Corotis Earns OPAL Award in Education

Ross B. Corotis, Ph.D., P.E., S.E., F.EMI, Dist.M.ASCE, NAE, the Denver Business Challenge professor of engineering at the University of Colorado, Boulder and one of the nation’s most eminent “big picture” engineers, has been honored by ASCE as the Outstanding Projects And Leaders award-winner in education.
The ASCE OPAL awards honor outstanding civil engineering leaders for their lifetime accomplishments.

This year’s OPAL winners will be recognized at the 2019 OPAL Gala, March 14, in Arlington, VA.

headshot of Corotis
Corotis

Corotis, after teaching stints at MIT and Northwestern University and founding the high-ranking Department of Civil Engineering at Johns Hopkins University, became dean of CU Boulder’s College of Engineering and Applied Science in 1994. There he oversaw design and major fundraising for the Integrated Teaching & Learning paradigm laboratory, a model for undergraduate education that won NAE’s Bernard M. Gordon prize for new modalities and experiments in education that develop effective engineering leaders. He also created the concept and raised the funding for the Discovery Learning Center, dedicated to providing undergraduate students with the opportunity to work alongside graduate students and faculty on actual research projects.

His vision and innovative concepts spawned other programs and interdisciplinary centers on the campus. Even as dean, he taught a large undergraduate class almost every year, and when he returned to full-time teaching in 2001 he both continued this practice and also created a completely new graduate course in Lifecycle Analysis of Infrastructure, one of his research areas.

The commitment to education, the sharing of discoveries with students, and what is now known as mentoring – these are all concomitant with a change Corotis has brought to the profession itself. He was a main driver of the development of rational reliability-based approaches to design, and from there to our whole spectrum of infrastructure systems. Besides the United States, he is well-known in Europe and Asia, especially through his editorship of the magazine Structural Safety. His own lectures and coauthored papers are too numerous to judiciously mention, as are his consulting clients.

Corotis was recently a project director for the Colorado Department of Transportation, the National Science Foundation, and the U.S. Department of Education. He has chaired or been a committee member for ACI, ASEE, International Association for Bridge Maintenance and Safety, and Civil Engineering Risk and Reliability Association, among many others. In ASCE’s Engineering Mechanics Division alone, he has been control member, vice chair and chair of the Committee on Probabilistic Methods in Civil Engineering, and from 2004 to 2010 the editor of the Journal of Engineering Mechanics.

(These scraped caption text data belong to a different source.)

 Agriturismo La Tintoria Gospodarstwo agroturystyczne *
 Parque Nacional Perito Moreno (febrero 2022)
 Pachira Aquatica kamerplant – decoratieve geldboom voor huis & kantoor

He also did significant work on the load criteria that became part of ASCE/SEI-7. He was awarded the Walter L. Huber Prize in 1984 and was Outstanding Engineering Educator of ASCE’s Maryland Section in 1986. He was elected to the National Academy of Engineering in 2002. Corotis was also a Jefferson Science Fellow (U.S. Department of State, 2008-2013) and has over 15 academic awards.

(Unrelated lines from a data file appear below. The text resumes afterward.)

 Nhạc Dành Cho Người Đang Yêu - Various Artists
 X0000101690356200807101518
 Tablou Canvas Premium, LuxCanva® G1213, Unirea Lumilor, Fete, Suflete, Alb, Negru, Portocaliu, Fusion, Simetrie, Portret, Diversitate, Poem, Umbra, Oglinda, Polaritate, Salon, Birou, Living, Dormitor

His educational service is extensive, including a review in 2016 of the School of Civil & Environmental Engineering at Georgia Tech. In 1979, he was a member of a four-person National U.S.-U.S.S.R. Engineer Exchange Delegation. He has been adviser for 26 doctoral and 31 master’s students.

Corotis has three degrees from MIT and is a registered professional engineer in Illinois, Maryland, and Colorado, as well as a registered structural engineer in Colorado.